Washington: Pakistan-based Haqqani network continues to pose "greatest" threat to US troops in Afghanistan, a top US commander based in the war-torn country said here, underlining the terror outfit remains America's principal concern.
"The Haqqanis still pose the greatest threat to Americans and to our coalition partners and to the Afghans," General John Nicholson, Commander of US and Nato forces in Afghanistan told reporters during a news conference here.
"The Haqqanis hold five American citizens hostage right now. I think this is worth remembering as we think about the Haqqani network. They remain a principal concern of ours. And they do enjoy sanctuary inside Pakistan," Nicholson said during a Pentagon news conference here.

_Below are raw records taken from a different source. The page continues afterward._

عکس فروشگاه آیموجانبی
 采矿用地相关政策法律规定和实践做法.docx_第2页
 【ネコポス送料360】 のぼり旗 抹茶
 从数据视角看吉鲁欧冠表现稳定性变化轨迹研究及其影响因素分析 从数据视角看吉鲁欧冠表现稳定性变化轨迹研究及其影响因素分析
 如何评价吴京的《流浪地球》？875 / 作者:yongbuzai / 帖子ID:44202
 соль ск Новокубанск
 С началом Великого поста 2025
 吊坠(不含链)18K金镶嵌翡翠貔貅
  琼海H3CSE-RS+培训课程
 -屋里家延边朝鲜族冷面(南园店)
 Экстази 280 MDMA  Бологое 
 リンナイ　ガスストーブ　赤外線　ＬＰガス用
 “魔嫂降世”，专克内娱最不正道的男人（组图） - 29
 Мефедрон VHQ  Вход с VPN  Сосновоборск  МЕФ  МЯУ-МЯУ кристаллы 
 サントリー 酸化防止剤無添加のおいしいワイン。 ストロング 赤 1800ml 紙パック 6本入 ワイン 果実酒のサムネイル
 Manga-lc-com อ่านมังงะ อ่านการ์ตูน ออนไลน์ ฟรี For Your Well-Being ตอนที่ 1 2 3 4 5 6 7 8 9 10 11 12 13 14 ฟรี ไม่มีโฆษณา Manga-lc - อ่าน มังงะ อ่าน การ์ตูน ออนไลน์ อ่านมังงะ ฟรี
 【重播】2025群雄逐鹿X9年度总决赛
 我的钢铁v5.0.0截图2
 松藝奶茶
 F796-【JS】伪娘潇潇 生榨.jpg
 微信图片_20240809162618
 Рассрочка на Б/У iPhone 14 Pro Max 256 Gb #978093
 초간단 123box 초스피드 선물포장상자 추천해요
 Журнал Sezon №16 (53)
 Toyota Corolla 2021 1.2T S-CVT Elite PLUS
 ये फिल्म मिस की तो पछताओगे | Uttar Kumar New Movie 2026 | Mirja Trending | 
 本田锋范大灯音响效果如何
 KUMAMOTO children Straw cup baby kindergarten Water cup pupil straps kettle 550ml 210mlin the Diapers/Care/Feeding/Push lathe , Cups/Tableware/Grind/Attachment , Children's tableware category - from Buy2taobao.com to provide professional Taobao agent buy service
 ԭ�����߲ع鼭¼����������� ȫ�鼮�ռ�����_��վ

Nicholson said he is looking forward to meeting the new Pakistani Chief of Army Staff, General Bajwa. "I'll meet him upon my return to the region here next week," he said.
"There are many areas of mutual cooperation with the Pakistanis with respect to the border, our joint efforts against terrorism and so forth. So, we're looking forward to working closely with them going forward," he said.
Nicholson said the Afghan security forces have a hold approximately 64 percent of the population.
This is down slightly from his 68 per cent that he talked about in September.
"The decrease has not meant more control to the Taliban. We see them still holding less than 10 per cent of the population. More of the country — slightly more is now contested. They still hold roughly two-thirds of the population. The enemy holds less than 10 percent and the balance is contested," he said.
Nicholson said since the start of the Taliban's campaign in April, the Afghan security forces have prevented them from accomplishing their strategic objectives.
"They've been unable to mass because of airpower, both Afghan and coalition airpower, and therefore they resorted to small- scale attacks on checkpoints around cities in attempts to isolate the cities and create panic," he said.
Expressing concern about the stability of the Afghan government going forward, he said his message to Afghan partners and members of the political opposition is that the US respects their political process.
"Second concern would be the malign influence of external actors and particularly Pakistan, Russia, and Iran. We are concerned about the external enablement of the insurgent or terrorist groups inside Afghanistan, in particular where they enjoy sanctuary or support from outside governments," Nicholson said.
"We are concerned about the convergence of these terrorist groups. I mentioned the 20 groups, 13 in Afghanistan, seven in Pakistan. The morphing of these groups into more virulent strains or the fact that sometimes they cooperate and then the hole becomes greater than the sum of the parts," he said.